§ Exercise prompt
When you reach the line that contains "These are the", give it back exactly along with each line after it to the end of the entries; skip any pictures.

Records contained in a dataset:
------------------------

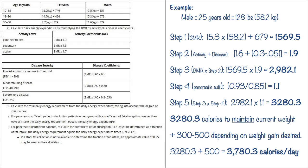Now in step three we do the BMR which we found in the first step times the number we found in step two, which is the 1.9. So 1,569.5 times the 1.9 and it comes out to 2,982.1.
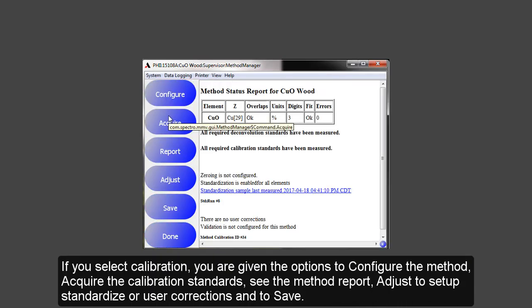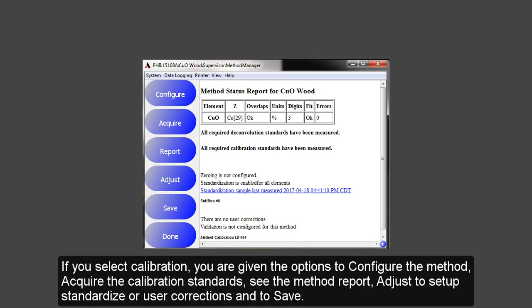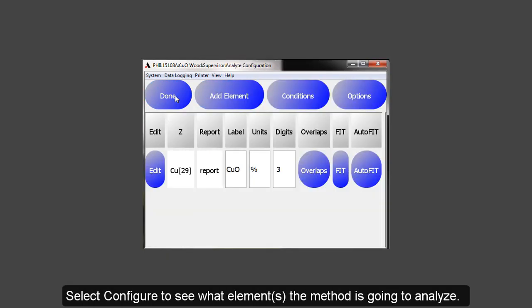If you select Calibration, you are given the options to configure the method, to acquire the calibration samples, the method report, adjust to set up standardized or user corrections, and to save. Select Configure to see what elements the method is going to analyze.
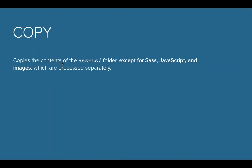It also looks for things like SASS and JavaScript. If they're compiled or concatenated, it will wait till that task is done and then copy them over.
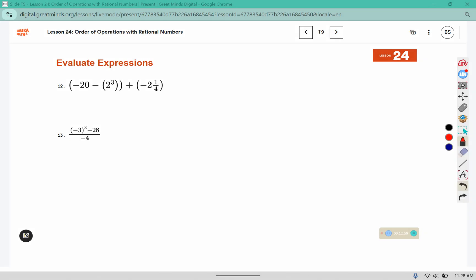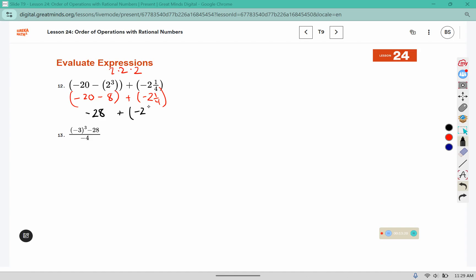We do our exponent piece first, before addition and subtraction. So 2 cubed — that's 2 times 2 times 2. 2 times 2 is 4, 4 times 2 is 8. Now we can do the stuff that's in the parentheses. Negative 20 and negative 8 make negative 28, plus negative 2 and 1 fourth. Well negative 28 and negative 2 would make negative 30. So this is negative 30 and 1 fourth.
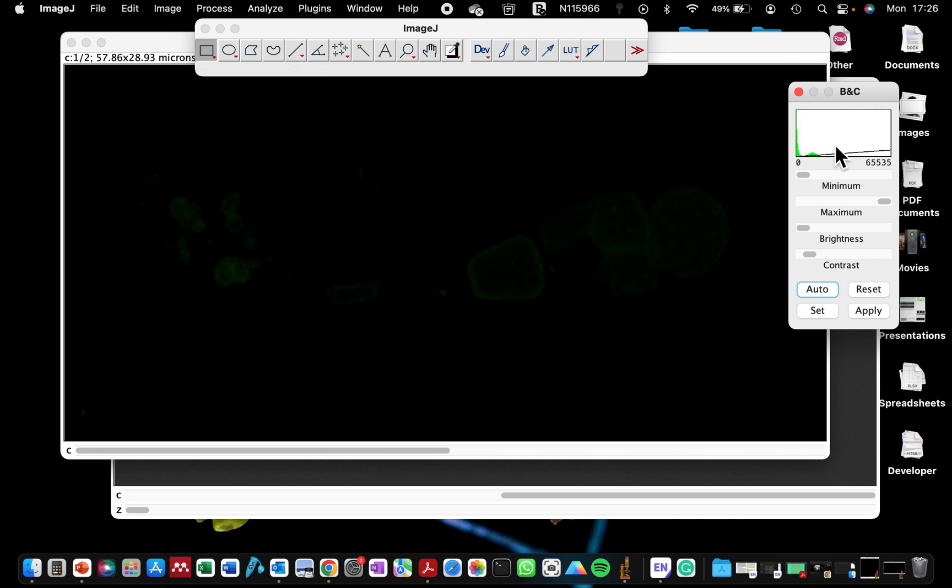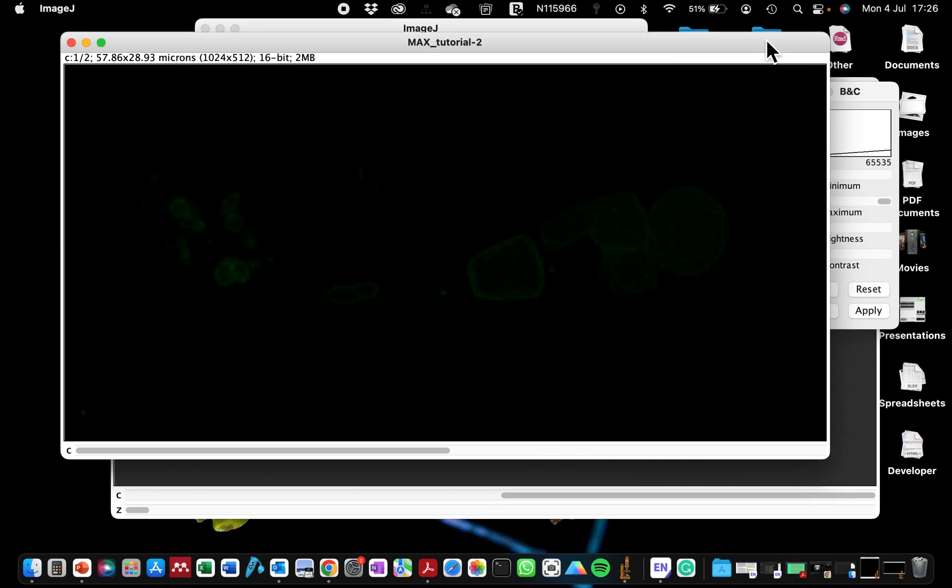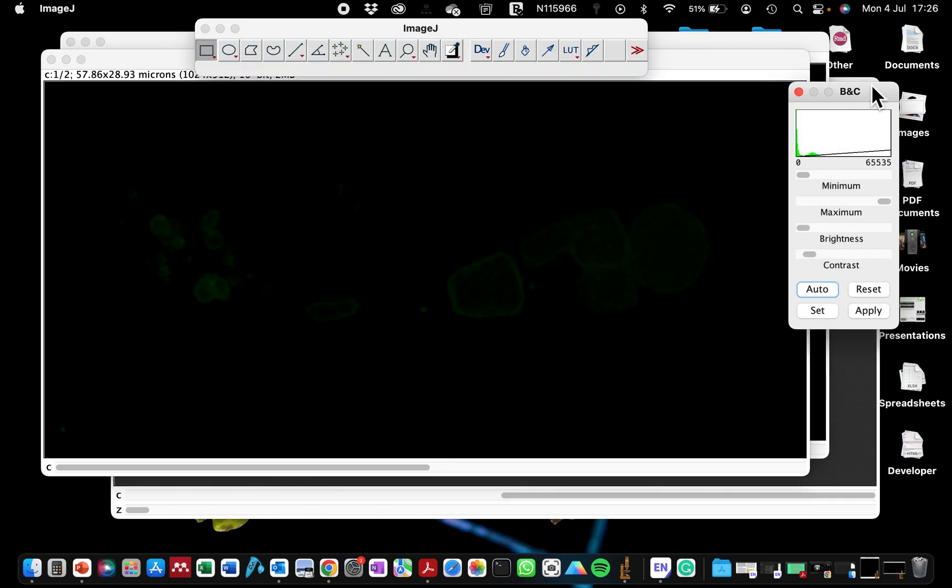But rather a 32-bit image. And that's why we're having this value of 65535. So to increase the brightness of this image, if you click, you can use the auto adjust.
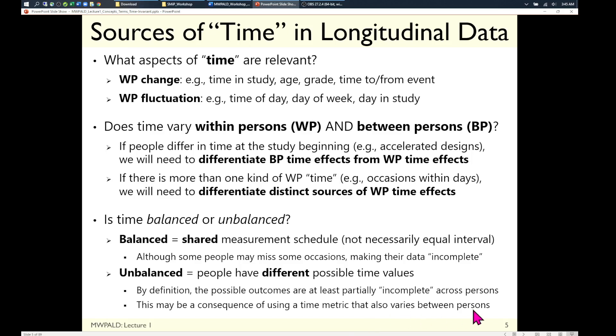With unbalanced data, it's really more of an incomplete data problem because not everybody has the same possible set of occasions. This can also be a consequence of using a time metric that varies between persons — for instance, hospital archival data where I have whatever measures were collected for whatever reasons, not a clean 'one hour after surgery, two hours after surgery.' I just have whenever the nurses got there and made the measurements. So that data set would also be unbalanced, even if we're looking at change rather than fluctuation.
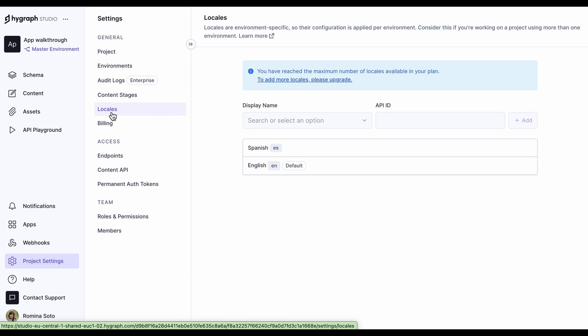The billing screen allows you to manage your subscription. Depending on your plan, you will have access to different features. Some of them you can simply upgrade into, and others prompt you to contact our sales team.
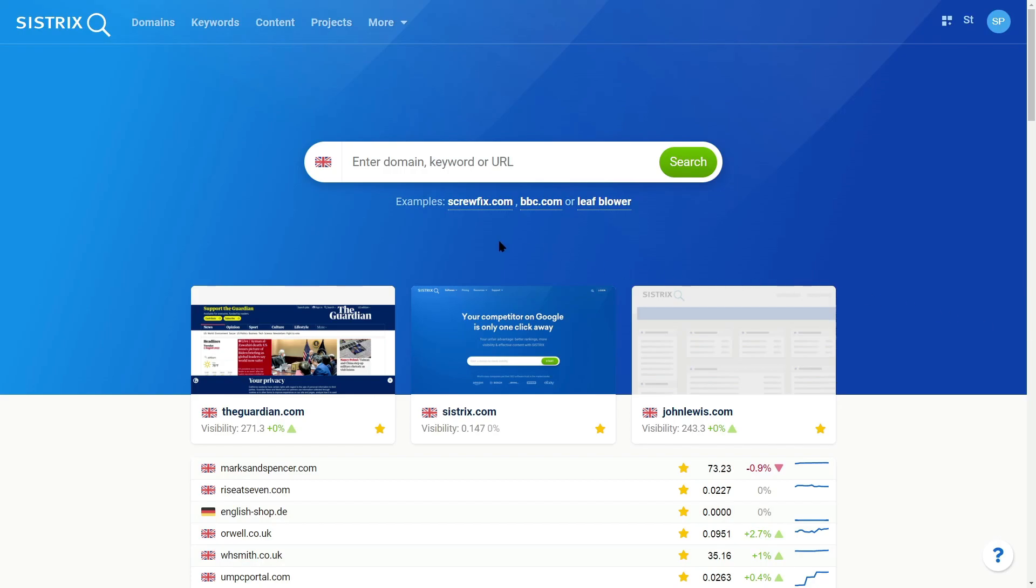These are the latest changes and updates to the Systrix Toolbox, August 2022.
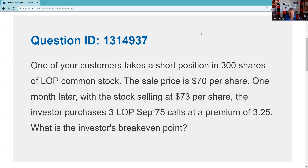Alright, QID 131-4937. One of your customers takes a short position. The two positions you can have at a broker are a long position and a short position. Here, I borrow 300 shares. Key point: whether I borrow money or borrow securities, I need a margin account. So I'm borrowing 300 shares to sell short, and immediately I should think about risk mitigation.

------------------------

§ Response
These are the latest changes and updates to the Systrix Toolbox, August 2022.
Alright, QID 131-4937. One of your customers takes a short position. The two positions you can have at a broker are a long position and a short position. Here, I borrow 300 shares. Key point: whether I borrow money or borrow securities, I need a margin account. So I'm borrowing 300 shares to sell short, and immediately I should think about risk mitigation.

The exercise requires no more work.